━━━━━ Material for this task ━━━━━
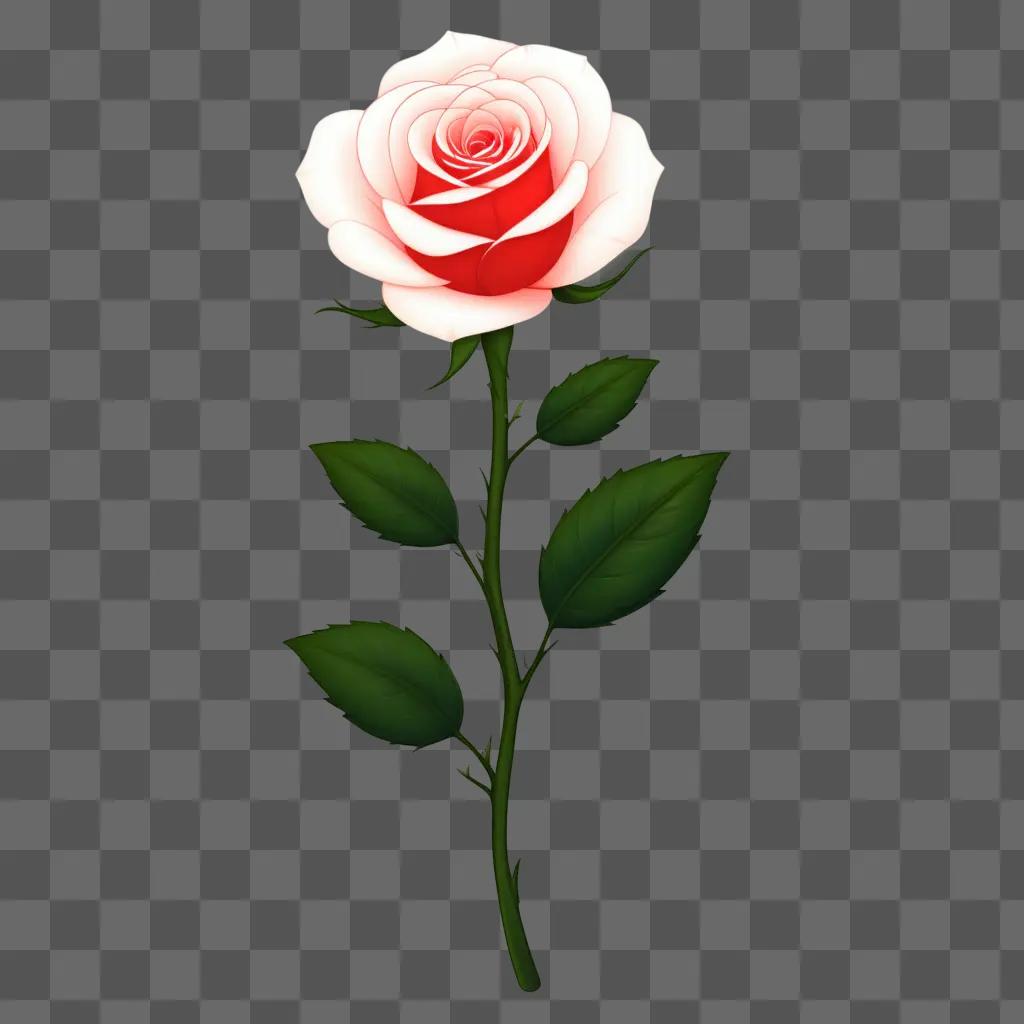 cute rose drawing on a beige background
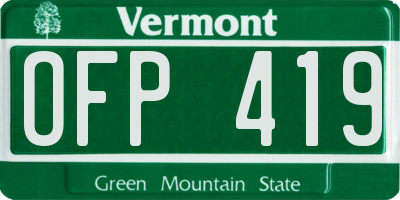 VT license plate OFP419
━━━━━
━━━━━ Material for this task ━━━━━
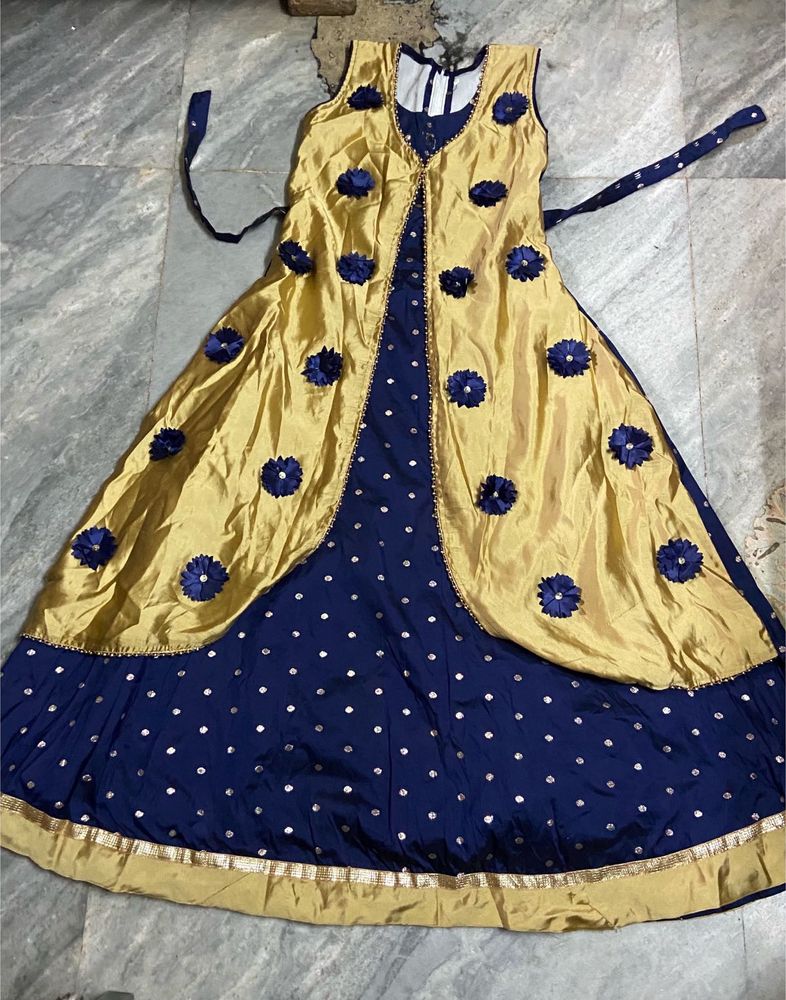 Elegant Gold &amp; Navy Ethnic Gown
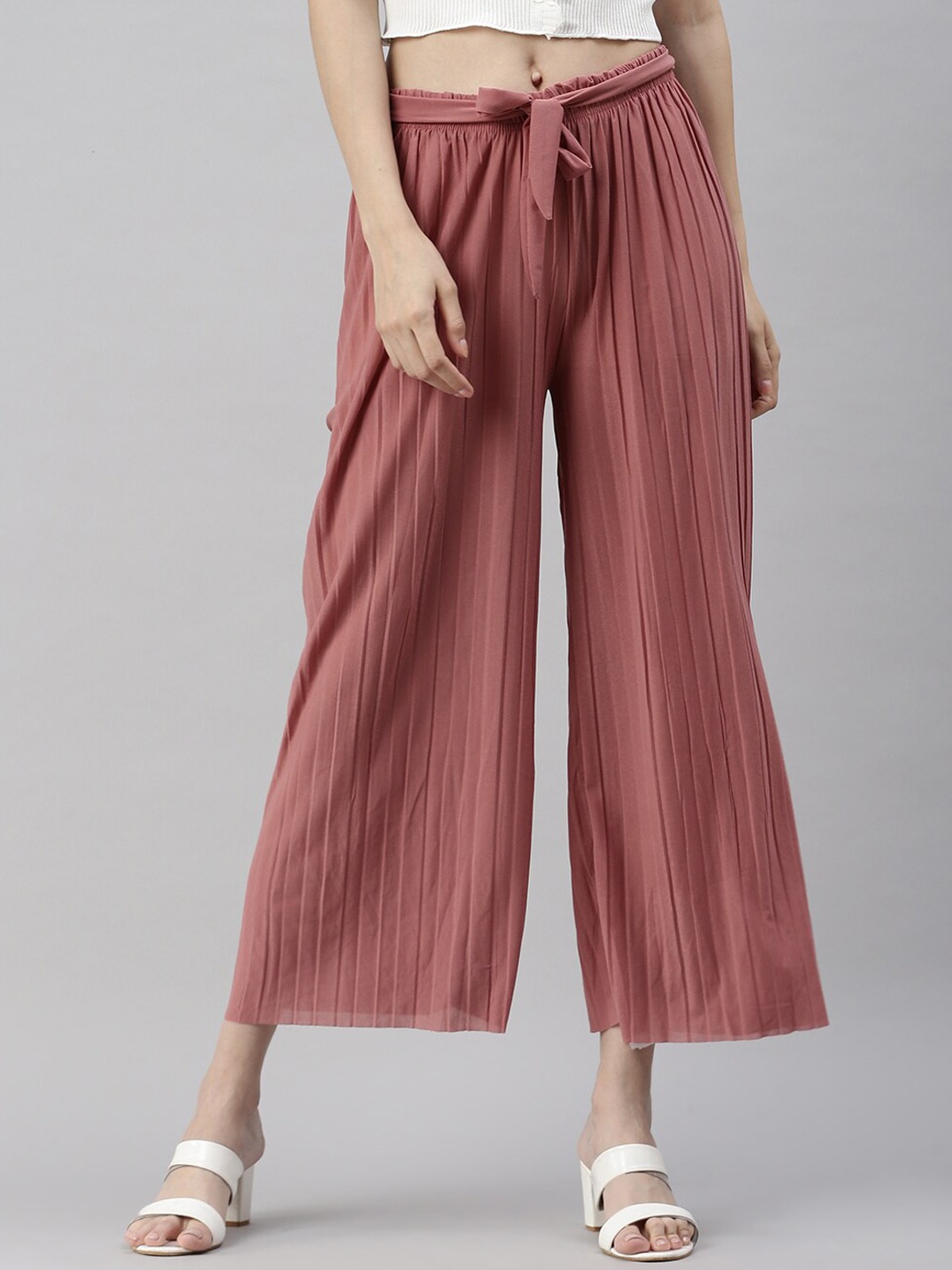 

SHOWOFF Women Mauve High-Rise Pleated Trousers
━━━━━
● Task brief
Start at the line above containing "cute rose drawing on a beige background" and stop at the line containing "VT license plate OFP419": print those lines and everything between them exactly, but not the pictures.

● Problem solution
 cute rose drawing on a beige background
 VT license plate OFP419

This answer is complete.